OEL068 - Fundamentals of Academic English (2022/23)
|Module specification||Module approved to run in 2022/23|
|Module title||Fundamentals of Academic English|
|Module level||Level 4/5/6 (99)|
|Credit rating for module||15|
|School||Guildhall School of Business and Law|
|Total study hours||150|
|Running in 2022/23(Please note that module timeslots are subject to change)||
This module is designed for students to advance their academic English skills up to the level required for their study. The module focuses on key aspects of academic English language use including structuring writing, using academic conventions, selecting and referencing suitable sources, and developing argumentation and critical thinking. There is a strong focus on academic communication via both writing and presentations, with chances for vocabulary development and acquiring effective learning strategies.

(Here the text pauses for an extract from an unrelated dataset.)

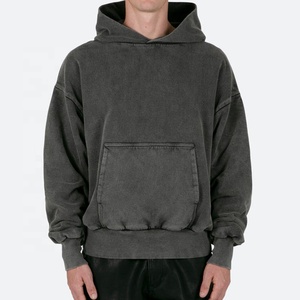 Streetwear Boxy de haute qualité de marque OEM Sweat à capuche en éponge française délavée à l'acide Sweat à capuche pour hommes sans ficelle avec logo personnalisé - Product Image 1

The module is adaptable to the language abilities of students, making it suitable for both learners of English and those with English as their first language, and can be taught to students studying in different years.
• develop their spoken and written English, express opinions and take part in discussions and activities at a B2 level
• read and listen within a variety of subject areas and identify both main points and details
• expand their passive and active vocabulary
• identify and use the appropriate register in written texts and speaking.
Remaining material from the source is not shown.